Was that vague? Well, that’s only fitting for a show that’s brimmed in so much mystery it’s sometimes frustrating to continue watching. But like a rainbow, there’s a reward waiting at the end if you’re bold enough to go through this whole journey. There’s only two ways you will receive this ending — you will love it, and it’ll be the best ending you will have seen in the history of serialized dramas. Or you will absolutely hate it and consider the whole eight-chapter arc a complete waste of your time.

Either way, The OA is worth talking about. Even if you disagree with its artistic choices, of which there are plenty to question and critique, it’s still one of the most ambitious, no-holds-barred shows in the last few years, or even decades. When it goes “there,” it really goes there — then takes it even further. Abandon all logic if you dare enter its world. The first and second seasons are available to stream now.

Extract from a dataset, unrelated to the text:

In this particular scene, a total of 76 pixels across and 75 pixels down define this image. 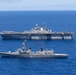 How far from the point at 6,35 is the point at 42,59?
61611mm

Episodes That Deserve Special Mention: Homecoming, Forking Paths, Invisible Self

Director: Zal Batmanglij, Andrew Haigh, Anna Rose Holmer – Screenplay: Brit Marling, Zal Batmanglij, Melanie Marnich, and more – Cast: Brit Marling, Emory Cohen, Scott Wilson – Run Time: 2 seasons, around 50 minutes per episode

2Dear White People

Dear White People

Adapted from Justin Simien’s 2014 film of the same name, Dear White People is just as heavy on race, identity politics, and profiling–based biases the source material tackled with unabridged confidence. That should please fans of the original film — the Netflix version is just as, if not more than, political, and it doesn’t pull any punches.

Dear White People follows black students at an Ivy League institution, chief of which Samantha White, intelligent and sharp-tongued host of radio show Dear White People, where she touches on various topics, chief of which racism. Although its prime focus is White, each episode spotlights a particular character, showing their day-to-day at the university. And since most of these folks interact regularly, individual episodes dovetail organically, giving us a Crash-esque storytelling device that explores multiple perspectives on situations.

You might be thinking, “How is this a binge-worthy show?” Well, Dear White People isn’t conventionally addictive. But it’s very, very insightful and intellectual, and very unapologetic about being so. Not since The OA has there ever been a show so confident, so uncompromising about its message and its own voice. There’s something to be said about a series that takes an idea, runs with it, and compels us all to listen.

To tell you the truth, we don’t really like “sermon” shows, or those that feel too much like college courses instead of compelling entertainment. But take this as an exception. It’s that good. The first and seconds seasons are available to stream now; a third season is in the works as of this writing.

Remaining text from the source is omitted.